Tell your new contact what field you worked in and the types of opportunities you’re looking to pursue right now. If you’re really not sure what your next step will be, say, “I’m exploring my options, but I’m really interested in a job that gets me outdoors/where I can be creative/in nonprofits.”
This could lead to a much more productive line of conversation, and maybe even spark some more ideas for you.
Put yourself in charge
Instead of launching into the whole sordid tale about company layoffs and how long you’ve been looking, say something along the lines of, “I’m taking some time to consider my next step.” Or, “I’m on sabbatical to consider a career change.”
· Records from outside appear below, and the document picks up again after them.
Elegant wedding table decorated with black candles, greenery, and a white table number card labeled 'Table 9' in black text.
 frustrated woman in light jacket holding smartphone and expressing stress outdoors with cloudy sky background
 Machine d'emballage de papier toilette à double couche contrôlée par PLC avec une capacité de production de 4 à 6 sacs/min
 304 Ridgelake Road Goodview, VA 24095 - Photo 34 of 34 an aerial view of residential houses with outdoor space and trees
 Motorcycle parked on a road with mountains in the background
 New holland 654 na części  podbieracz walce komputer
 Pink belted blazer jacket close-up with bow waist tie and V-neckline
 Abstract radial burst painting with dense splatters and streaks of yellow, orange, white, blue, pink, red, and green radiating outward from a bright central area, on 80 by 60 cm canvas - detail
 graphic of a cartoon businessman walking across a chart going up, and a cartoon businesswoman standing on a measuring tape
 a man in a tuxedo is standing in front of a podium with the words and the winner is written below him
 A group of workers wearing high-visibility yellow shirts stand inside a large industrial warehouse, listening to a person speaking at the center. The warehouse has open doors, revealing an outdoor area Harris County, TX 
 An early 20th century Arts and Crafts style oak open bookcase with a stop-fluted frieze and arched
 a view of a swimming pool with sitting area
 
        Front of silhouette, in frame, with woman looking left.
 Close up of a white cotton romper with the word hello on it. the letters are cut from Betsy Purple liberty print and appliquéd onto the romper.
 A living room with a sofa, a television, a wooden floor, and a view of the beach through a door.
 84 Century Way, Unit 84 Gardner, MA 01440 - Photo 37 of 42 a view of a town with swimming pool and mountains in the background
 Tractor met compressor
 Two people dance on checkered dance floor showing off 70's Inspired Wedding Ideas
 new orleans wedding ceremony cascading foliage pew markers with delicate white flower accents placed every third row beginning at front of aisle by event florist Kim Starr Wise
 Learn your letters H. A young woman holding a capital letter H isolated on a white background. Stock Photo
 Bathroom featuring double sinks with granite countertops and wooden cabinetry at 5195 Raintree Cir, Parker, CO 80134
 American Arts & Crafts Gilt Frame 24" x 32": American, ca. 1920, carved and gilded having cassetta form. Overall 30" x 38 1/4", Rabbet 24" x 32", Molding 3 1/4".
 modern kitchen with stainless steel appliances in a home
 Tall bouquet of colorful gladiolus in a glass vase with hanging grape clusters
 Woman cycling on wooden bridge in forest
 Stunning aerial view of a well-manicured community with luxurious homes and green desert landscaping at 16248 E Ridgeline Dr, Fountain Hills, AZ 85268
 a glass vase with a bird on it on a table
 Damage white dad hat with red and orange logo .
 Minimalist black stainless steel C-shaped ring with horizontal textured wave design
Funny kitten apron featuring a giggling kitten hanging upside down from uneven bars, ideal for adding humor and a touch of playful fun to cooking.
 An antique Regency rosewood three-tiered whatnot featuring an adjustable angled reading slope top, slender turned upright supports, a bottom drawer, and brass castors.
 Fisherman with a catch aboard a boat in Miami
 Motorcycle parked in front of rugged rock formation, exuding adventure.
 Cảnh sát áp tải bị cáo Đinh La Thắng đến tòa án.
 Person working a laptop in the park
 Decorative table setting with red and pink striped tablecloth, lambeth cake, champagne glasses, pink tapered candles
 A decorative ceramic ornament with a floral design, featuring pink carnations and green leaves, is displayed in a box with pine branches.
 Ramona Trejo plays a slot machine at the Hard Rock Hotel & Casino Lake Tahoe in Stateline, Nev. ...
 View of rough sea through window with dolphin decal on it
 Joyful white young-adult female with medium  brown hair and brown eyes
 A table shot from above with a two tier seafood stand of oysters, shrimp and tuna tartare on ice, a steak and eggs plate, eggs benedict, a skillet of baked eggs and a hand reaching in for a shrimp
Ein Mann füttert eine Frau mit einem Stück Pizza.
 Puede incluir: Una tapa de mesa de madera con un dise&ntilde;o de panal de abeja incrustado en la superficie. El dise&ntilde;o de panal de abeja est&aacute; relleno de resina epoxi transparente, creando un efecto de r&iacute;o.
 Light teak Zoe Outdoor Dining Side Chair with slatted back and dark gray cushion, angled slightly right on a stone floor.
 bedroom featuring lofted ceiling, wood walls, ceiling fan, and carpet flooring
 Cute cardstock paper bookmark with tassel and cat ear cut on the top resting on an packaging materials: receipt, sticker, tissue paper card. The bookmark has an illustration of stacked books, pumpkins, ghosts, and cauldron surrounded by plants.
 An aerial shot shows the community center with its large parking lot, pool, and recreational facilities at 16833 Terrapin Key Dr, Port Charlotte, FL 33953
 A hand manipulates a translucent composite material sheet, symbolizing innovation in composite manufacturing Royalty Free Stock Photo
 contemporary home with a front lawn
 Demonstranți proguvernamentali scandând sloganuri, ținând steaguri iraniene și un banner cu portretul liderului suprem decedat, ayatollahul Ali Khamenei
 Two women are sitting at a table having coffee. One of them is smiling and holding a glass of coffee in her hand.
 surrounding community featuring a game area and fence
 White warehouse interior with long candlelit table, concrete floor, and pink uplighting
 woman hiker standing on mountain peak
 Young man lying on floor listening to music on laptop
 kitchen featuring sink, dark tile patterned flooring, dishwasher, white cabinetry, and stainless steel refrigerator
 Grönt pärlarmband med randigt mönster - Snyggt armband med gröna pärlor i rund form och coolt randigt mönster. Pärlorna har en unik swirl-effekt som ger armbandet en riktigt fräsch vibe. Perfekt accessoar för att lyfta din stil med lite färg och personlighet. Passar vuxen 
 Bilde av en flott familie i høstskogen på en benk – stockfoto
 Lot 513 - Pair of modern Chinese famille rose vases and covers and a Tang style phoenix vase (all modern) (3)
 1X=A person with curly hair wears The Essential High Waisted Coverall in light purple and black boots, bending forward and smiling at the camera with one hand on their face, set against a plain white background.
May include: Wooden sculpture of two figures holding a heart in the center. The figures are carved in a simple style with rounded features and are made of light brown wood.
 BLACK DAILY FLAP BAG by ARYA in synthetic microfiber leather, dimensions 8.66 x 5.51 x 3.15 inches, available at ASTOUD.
After all, you may not have been in control when you lost your job, but you’re completely in control of what you’re doing with your life now. Reframing your situation as something you chose can help shake that feeling of disempowerment and frustration that sometimes comes with unemployment, and it might even impress your new contact with how proactive you are.
Answer with what you’re actually doing right now
One woman I met at a networking event told me that she was in the middle of an extended adult summer camp when I asked what she did. She was throwing out feelers for work, and planned to dive into the job search fully at the end of the summer, but at the time she was enjoying as many outdoors activities as she could. She was giving herself the vacation she never took at her last job.
Use this opportunity to showcase what you’re really passionate about. Maybe you’re taking your unexpected downtime to volunteer at a charity, or learn a new skill, or tackle a passion project. Just share your passions, and any awkwardness about your employment status will be washed away.
Deflect the question
If you really don’t want to talk about it, simply say “I’m transitioning right now,” or “I’m in between jobs,” and then change the topic by asking the other person about themselves. This sends a clear signal that you’re not interested in further questions, without bringing an air of desperation into the conversation.
Or, sidestep the issue of your employment with something like, “I’m in finance,” before changing the subject. This will let them happily believe you mean you’re employed in finance.
You could even inject a bit of humor into the conversation, by saying something like, “Well, that’s enough shop talk for now! Did you catch the game last night?”
Whatever your answer, stay focused on the positive. That’s what your conversation partner will remember about you – not what your employment status is.